%%

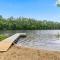 A Serene A-Frame Cabin with Hot Tub - أكسفورد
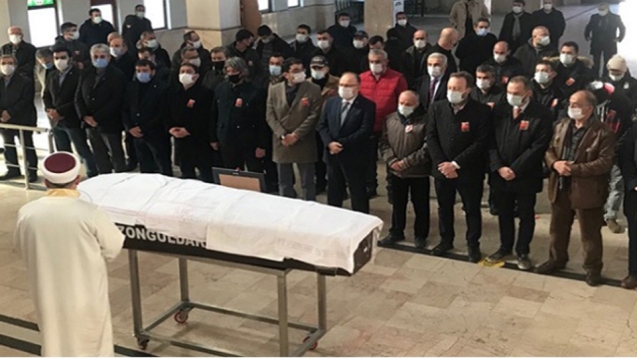 Son yolculuğuna uğurlandı
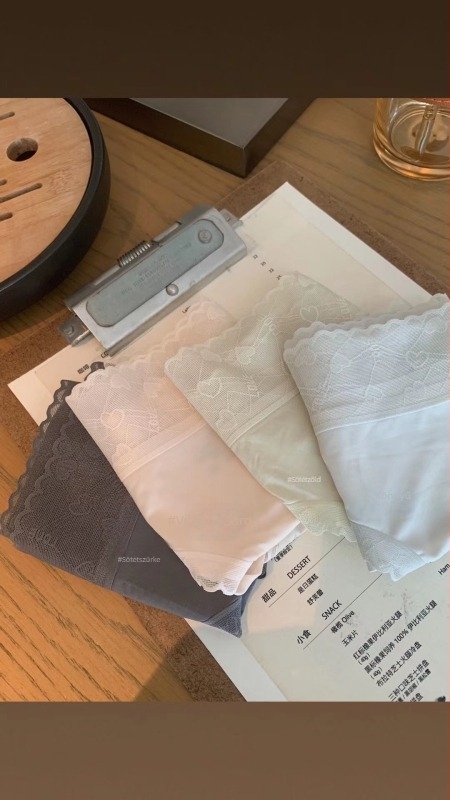 Qingxiaoer Női Ice Silk középmagas derekú háromszög bugyi, lélegző, ultra vékony, pamuttal bélelt a szeméremrésznél
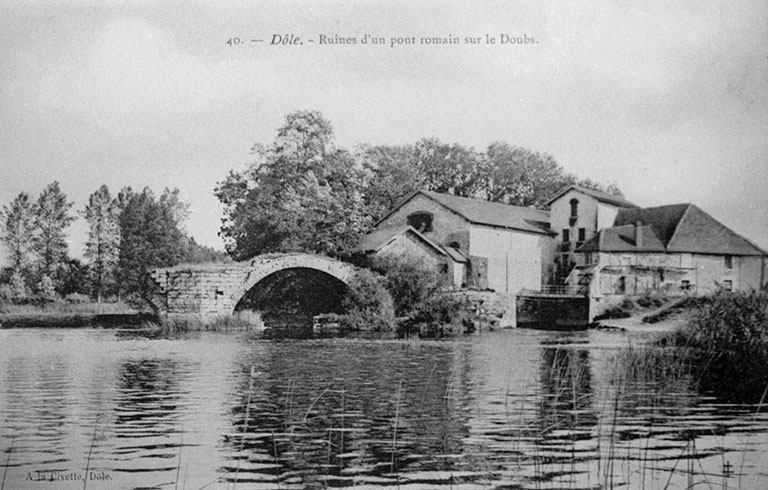 Dôle. - Ruines d'un pont romain sur le Doubs. © Laurent Poupard / Région Bourgogne-Franche-Comté, Inventaire du patrimoine - 1989
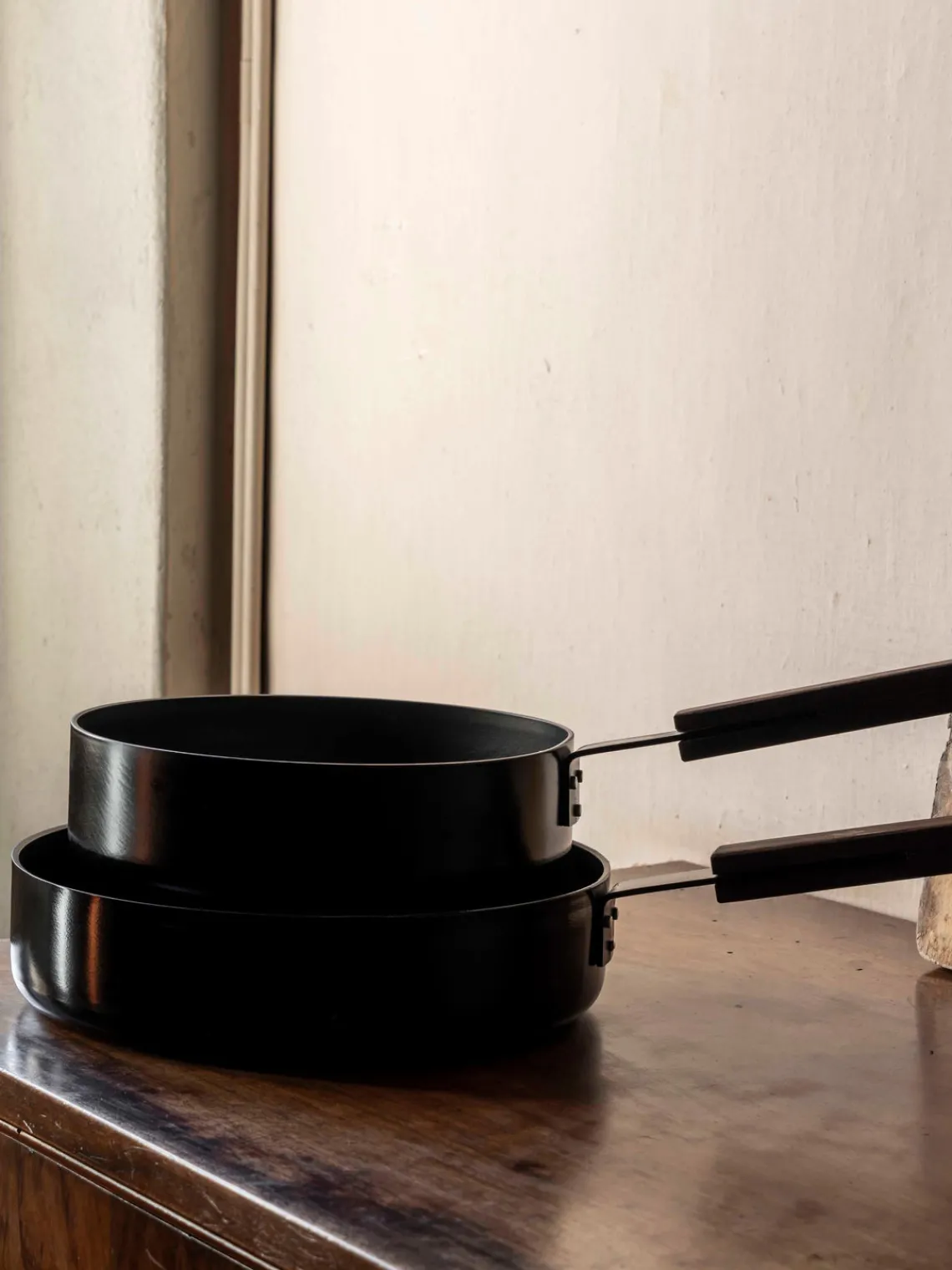 Clearance knIndustrie Casserole avec revêtement antiadhésif Black, tailles variées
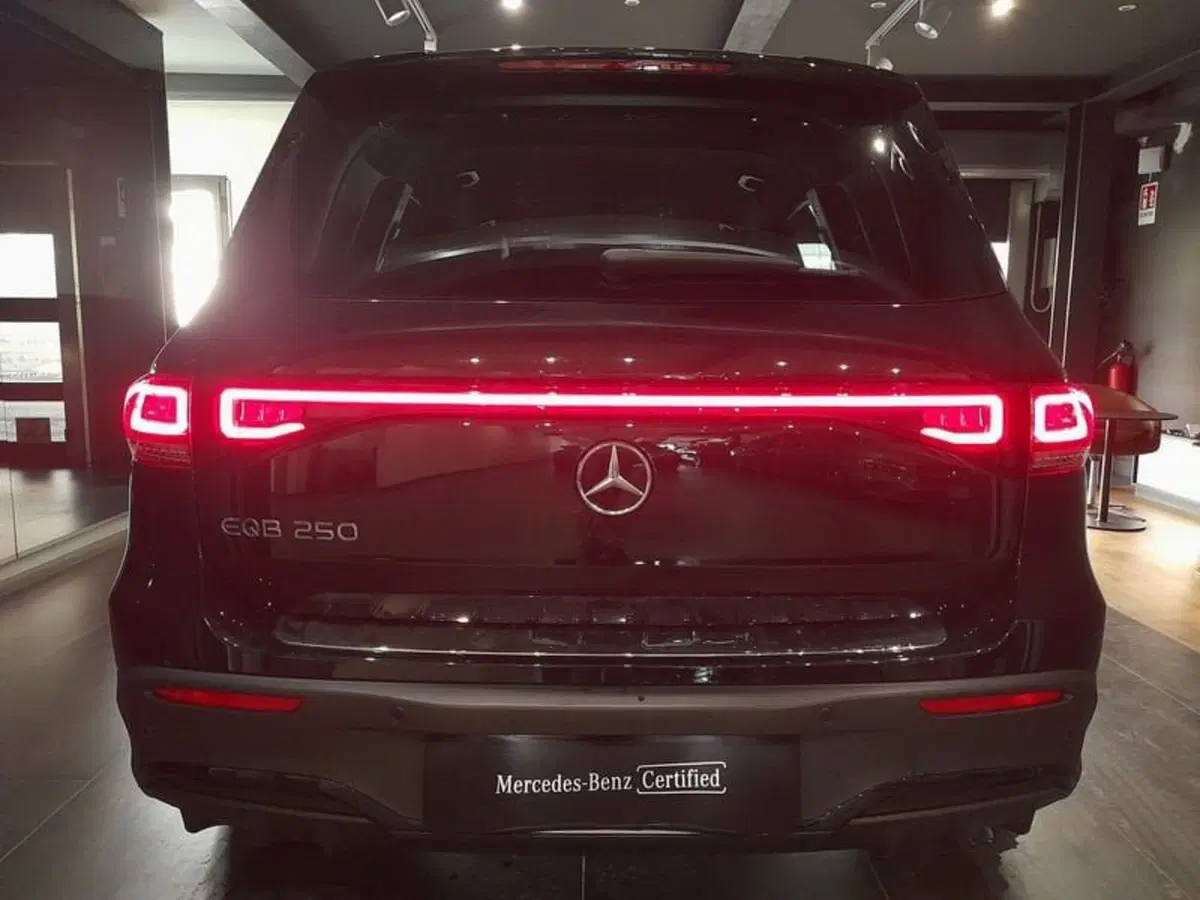 Mercedes-Benz EQB usata a Napoli (4)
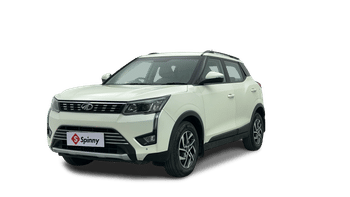 Used 2022 Mahindra XUV 300 W8 (O) 1.2 Petrol Petrol Manual Image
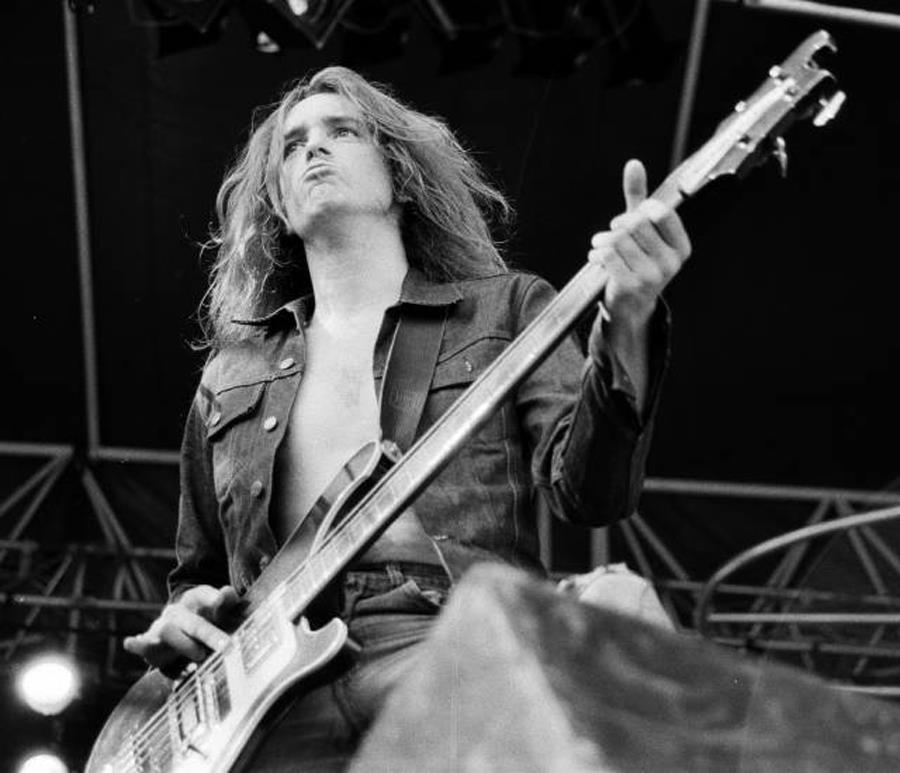 If I could bring back to life just one deceased artist, it would be Cliff Burton

Happy birthday, Cliff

%%

▶ **Aim of the exercise**
Please, without any of the pictures, set down exactly the lines from the beginning of the listing to the line that contains "Dôle. - Ruines", inclusive.

▶ **Answer below**
 A Serene A-Frame Cabin with Hot Tub - أكسفورد
 Son yolculuğuna uğurlandı
 Qingxiaoer Női Ice Silk középmagas derekú háromszög bugyi, lélegző, ultra vékony, pamuttal bélelt a szeméremrésznél
 Dôle. - Ruines d'un pont romain sur le Doubs. © Laurent Poupard / Région Bourgogne-Franche-Comté, Inventaire du patrimoine - 1989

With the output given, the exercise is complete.